The man is a gorgeous sexy BEAST!! I just want to eat him up!!

Thursday, October 18, 2012

The "me" no one ever gets to see....


Yes, Stephen, believe it or not, this is a photo of me.  The submissive me.  A "me" that not many people ever really get to see.  I am on my knees, my arms are behind my back, my collar is on, my cleavage is exposed, and my eyes are down.  It's not quite the position of "nadu," but it's close.  (Nadu is more Gorean but I don't think that stuff is realistic, though some people think it's worth practicing). If I were naked, it would be considered an even more submissive pose.  This is one of Pete's favorite photos of me.

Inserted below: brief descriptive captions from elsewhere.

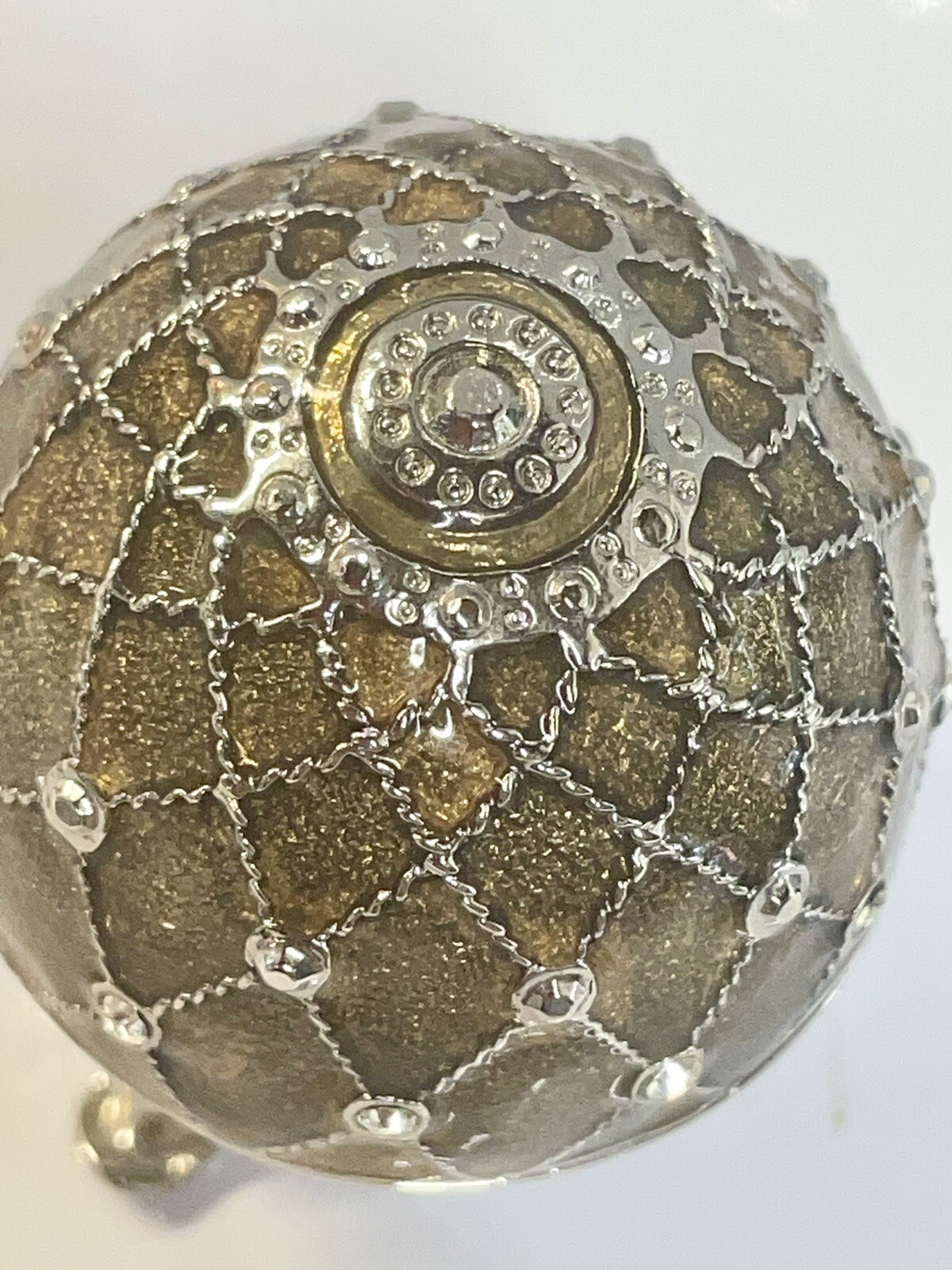 Picture 2 of 6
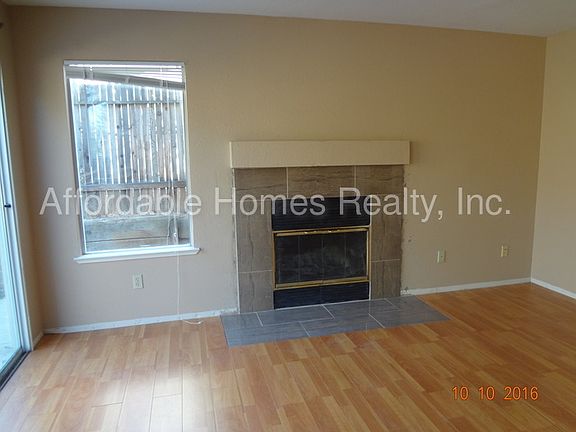 4th image of 3433 Cobblestone Dr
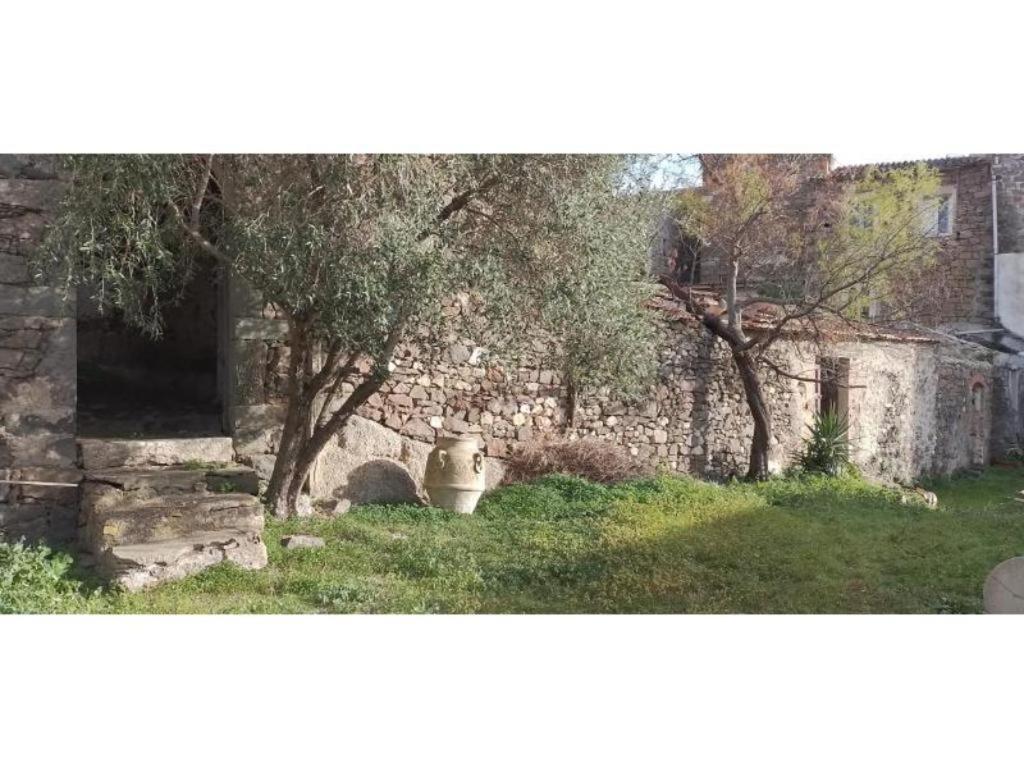 Borgo Santo Stefano Villa Oschiri ภายนอก รูปภาพ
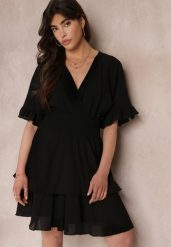 Czarna Zwiewna Sukienka Mini z Falbankami i Szeroką Gumką w Talii Olleanne. Czarne sukienki Renee, l, bez wzorów, bez kołnierzyka, bez ramiączek, mini. Za 129.99 zł.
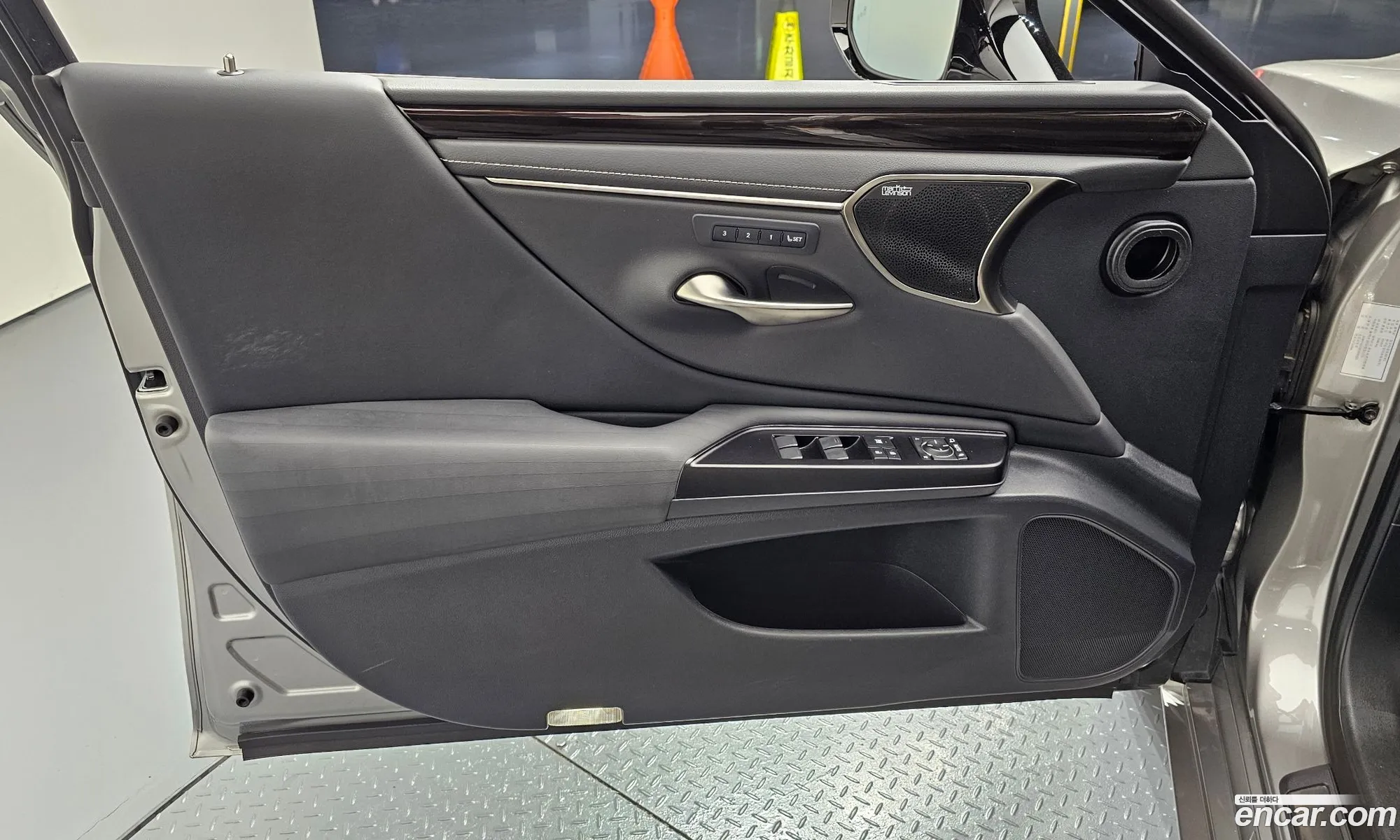 Lexus ES300h 7th Gen 2018 JTHB21B1XK2008305 — 13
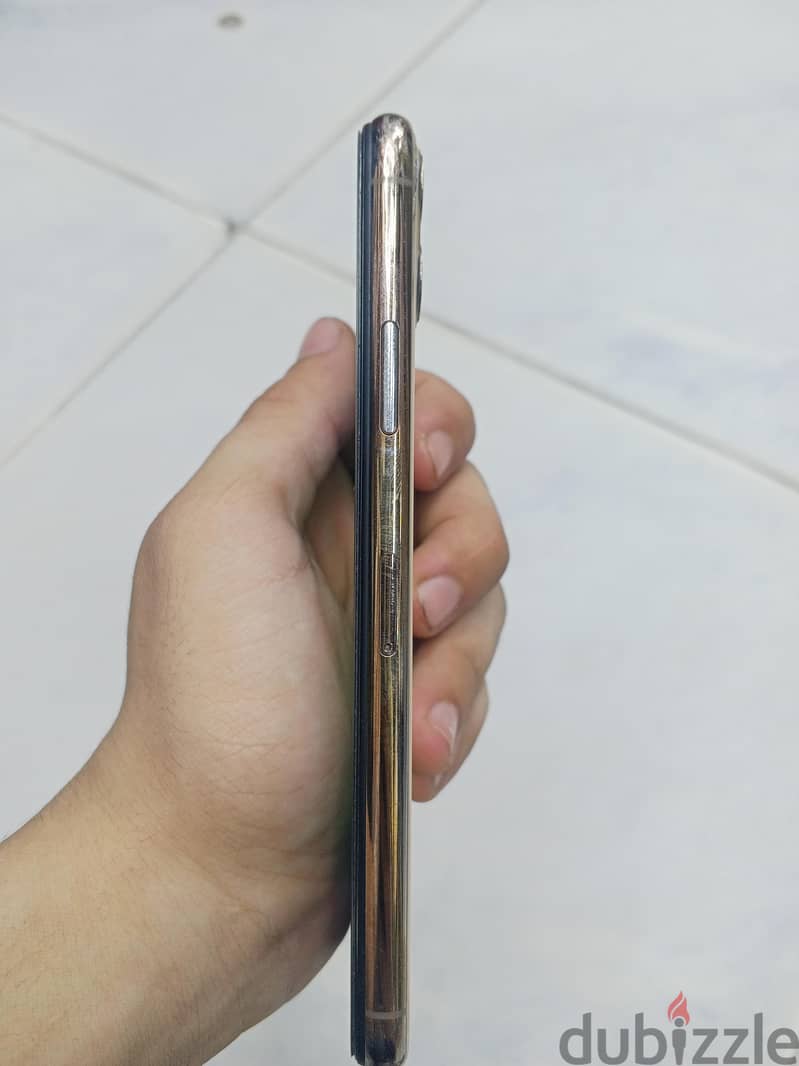 Apple - iPhone 11 Pro Max 3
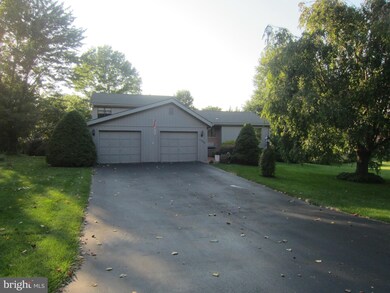 11712 Mockingbird Ln, Hagerstown, MD 21742 - photo 4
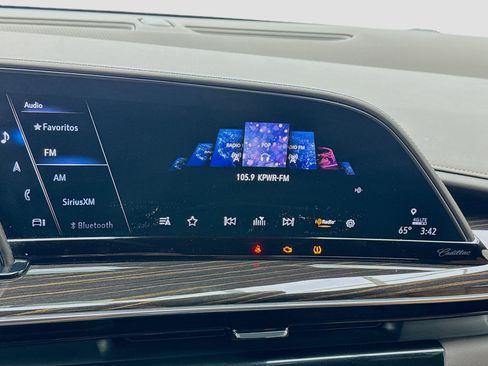 Used 2021 Cadillac Escalade ESV Sport w/ Driver Assist Tech Package image 11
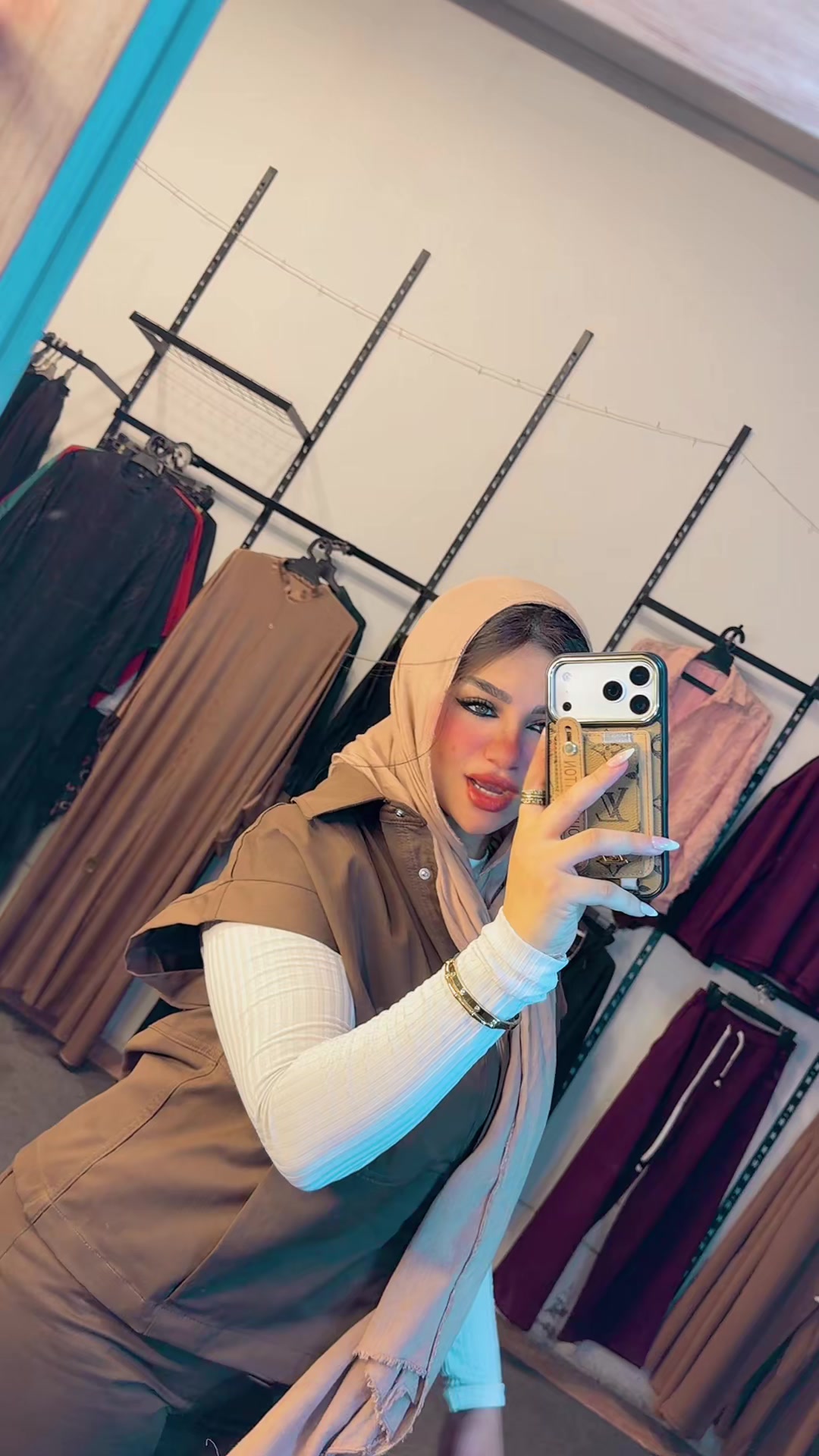 @LOGYELSONY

Pete actually likes both sides of who I am, and he definitely tries to understand me too.  He is rare.  He's been married to 2 vanilla women most of his life, and never quite understood why things didn't work.  The first one was more open to trying a little bondage in the bedroom, but the second one (who was his mistress when the first one dried up), was NOT open minded about anything at all, and that fizzled after only 18 months.

Most men were completely perplexed and confused as hell about me, (vanilla men), which is why I vowed never to date another vanilla guy again EVER.  They just didn't know what to DO with me.  They didn't know how to be Dominant enough either.  On one hand, I was "in your face," and on the other hand, I wanted to kneel and put my head in his lap.  They didn't know that my head in their lap was a way of me saying, "I am yours, I trust you completely, so please do with me whatever you want, I am here to serve you and make you happy...because that makes ME happy."  Vanilla guys just blinked with an empty stare, silently trying to fathom what the hell I was talking about.

Dominant guys, on the other hand, would immediately grab my hair, pull my head back, and plant a huge kiss on me as a gratitude for my submission.  They might also do OTHER things....ahem....but that would be something---a clue to ME----that says I have pleased him.  And that gives me the biggest,  warmest fuzzy feeling of safety, security, and love, like nothing else does in this entire world.

When I met YOU, Stephen, that was my first instinct---to kneel and put my head in your lap---and that was BEFORE I even knew of, or understood my own submissiveness.  It jolted me.  "Why the hell do I feel this urge to kneel and put my head in his lap?!"  But, that's exactly the thought that went through my head, and stuck with me as I began MY journey into this intriguing lifestyle.  If I ever meet you again, I may just do that very thing...if it pleases you.

But if it freaks you out, like it freaked out most men, I guess we'll just have to be vanilla friends only. As much as you love me, Stephen, if you're not Dominant, it won't work romantically.  I know, I know, you may feel heartbroken about it...I mean, there's nothing wrong with that, but hey, a girl can dream.  I'd much rather have you grab my hair and plant a nasty mean kiss on me instead, (among other naughty things), but if ya don't know what the hell I'm talkin' about with all this, I guess it's just not meant to be, and I'll have to endure the rest of my life with that sad knowledge. Woe is me.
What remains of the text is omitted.